I know because I tried to claim them, because well-meaning but ignorant people kept telling me my kids were entitled to them. They were NOT. The criteria for receiving free school meals (or free school transport) are very tight. Poor people who are not eligible for IS or certain disability benefits, are not entitled to either.

Is anyone going to tell me that at £9,000 p.a, £174 per term for school dinners is no big deal? Because if they are, I can tell them they're talking through their arse.

It does my head in when posh people on MN assume that poor= benefits. Most people who are living in poverty, are working and are not eligible to claim the benefits that entitle them to the free stuff that people who have no idea, assume is available.

missbopeep · 12/07/2013 08:33

Yes, but if school dinners were mandatory then I reckon they would be cheaper ( due to the basic economics of cooking in bulk and price goes down) and there would be a safety net for poor families. I doubt the costs would stay as they are now. If you read the article- and others out today- then cost is something being discussed.

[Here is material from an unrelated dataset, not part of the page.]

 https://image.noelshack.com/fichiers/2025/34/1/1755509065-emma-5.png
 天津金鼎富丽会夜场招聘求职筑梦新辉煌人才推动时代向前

On the other hand, are you saying that you can feed 2 children 10 packed lunches for under £20 a week? That's £1 per child per day. Given the cost of crisps , cakes, cartons of juice, etc etc ( which SOME people include- not all, I admit) I doubt there is a lot of difference TBH.

MrsSalvoMontalbano · 12/07/2013 08:34

If child benefit were completely scrapped, and the money used to provide 'free' school breakfast and lunch in state schools, and those who chose not to take the free meals could take packed lunches at their own expense, I bet the proportion of packed lunches would diminish dramatically.